= ABOUT THIS TASK =
Set down all of the records exactly.

╭─ EXERCISE MATERIALS

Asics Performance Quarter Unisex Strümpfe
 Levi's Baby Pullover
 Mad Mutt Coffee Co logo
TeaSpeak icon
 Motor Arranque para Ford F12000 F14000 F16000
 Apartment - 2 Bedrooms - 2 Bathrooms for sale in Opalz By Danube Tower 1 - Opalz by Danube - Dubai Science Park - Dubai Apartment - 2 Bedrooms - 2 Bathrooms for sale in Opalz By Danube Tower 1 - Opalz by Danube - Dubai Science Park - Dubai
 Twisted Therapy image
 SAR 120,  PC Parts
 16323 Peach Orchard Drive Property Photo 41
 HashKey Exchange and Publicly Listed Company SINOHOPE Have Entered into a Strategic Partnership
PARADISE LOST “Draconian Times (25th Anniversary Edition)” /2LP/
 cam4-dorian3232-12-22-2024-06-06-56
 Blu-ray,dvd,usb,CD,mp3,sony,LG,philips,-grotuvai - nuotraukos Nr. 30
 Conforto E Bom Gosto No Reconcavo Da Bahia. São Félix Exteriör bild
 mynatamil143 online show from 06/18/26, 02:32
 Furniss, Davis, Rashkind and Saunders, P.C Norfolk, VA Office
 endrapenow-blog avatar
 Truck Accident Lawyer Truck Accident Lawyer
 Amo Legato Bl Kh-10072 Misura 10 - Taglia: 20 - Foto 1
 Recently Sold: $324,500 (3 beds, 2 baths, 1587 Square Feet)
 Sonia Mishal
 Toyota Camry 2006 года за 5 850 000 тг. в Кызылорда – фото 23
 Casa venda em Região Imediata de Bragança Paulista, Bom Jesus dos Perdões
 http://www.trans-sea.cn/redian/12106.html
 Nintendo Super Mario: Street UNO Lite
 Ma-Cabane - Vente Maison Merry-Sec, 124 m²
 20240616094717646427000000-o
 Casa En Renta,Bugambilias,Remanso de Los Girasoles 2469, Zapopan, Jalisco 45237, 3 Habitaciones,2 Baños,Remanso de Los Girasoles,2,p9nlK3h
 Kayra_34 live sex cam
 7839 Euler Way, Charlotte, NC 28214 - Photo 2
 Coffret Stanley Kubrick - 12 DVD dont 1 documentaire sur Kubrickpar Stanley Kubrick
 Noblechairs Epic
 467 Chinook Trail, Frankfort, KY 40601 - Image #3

╰─

= REPLY =
Asics Performance Quarter Unisex Strümpfe
 Levi's Baby Pullover
 Mad Mutt Coffee Co logo
TeaSpeak icon
 Motor Arranque para Ford F12000 F14000 F16000
 Apartment - 2 Bedrooms - 2 Bathrooms for sale in Opalz By Danube Tower 1 - Opalz by Danube - Dubai Science Park - Dubai Apartment - 2 Bedrooms - 2 Bathrooms for sale in Opalz By Danube Tower 1 - Opalz by Danube - Dubai Science Park - Dubai
 Twisted Therapy image
 SAR 120,  PC Parts
 16323 Peach Orchard Drive Property Photo 41
 HashKey Exchange and Publicly Listed Company SINOHOPE Have Entered into a Strategic Partnership
PARADISE LOST “Draconian Times (25th Anniversary Edition)” /2LP/
 cam4-dorian3232-12-22-2024-06-06-56
 Blu-ray,dvd,usb,CD,mp3,sony,LG,philips,-grotuvai - nuotraukos Nr. 30
 Conforto E Bom Gosto No Reconcavo Da Bahia. São Félix Exteriör bild
 mynatamil143 online show from 06/18/26, 02:32
 Furniss, Davis, Rashkind and Saunders, P.C Norfolk, VA Office
 endrapenow-blog avatar
 Truck Accident Lawyer Truck Accident Lawyer
 Amo Legato Bl Kh-10072 Misura 10 - Taglia: 20 - Foto 1
 Recently Sold: $324,500 (3 beds, 2 baths, 1587 Square Feet)
 Sonia Mishal
 Toyota Camry 2006 года за 5 850 000 тг. в Кызылорда – фото 23
 Casa venda em Região Imediata de Bragança Paulista, Bom Jesus dos Perdões
 http://www.trans-sea.cn/redian/12106.html
 Nintendo Super Mario: Street UNO Lite
 Ma-Cabane - Vente Maison Merry-Sec, 124 m²
 20240616094717646427000000-o
 Casa En Renta,Bugambilias,Remanso de Los Girasoles 2469, Zapopan, Jalisco 45237, 3 Habitaciones,2 Baños,Remanso de Los Girasoles,2,p9nlK3h
 Kayra_34 live sex cam
 7839 Euler Way, Charlotte, NC 28214 - Photo 2
 Coffret Stanley Kubrick - 12 DVD dont 1 documentaire sur Kubrickpar Stanley Kubrick
 Noblechairs Epic
 467 Chinook Trail, Frankfort, KY 40601 - Image #3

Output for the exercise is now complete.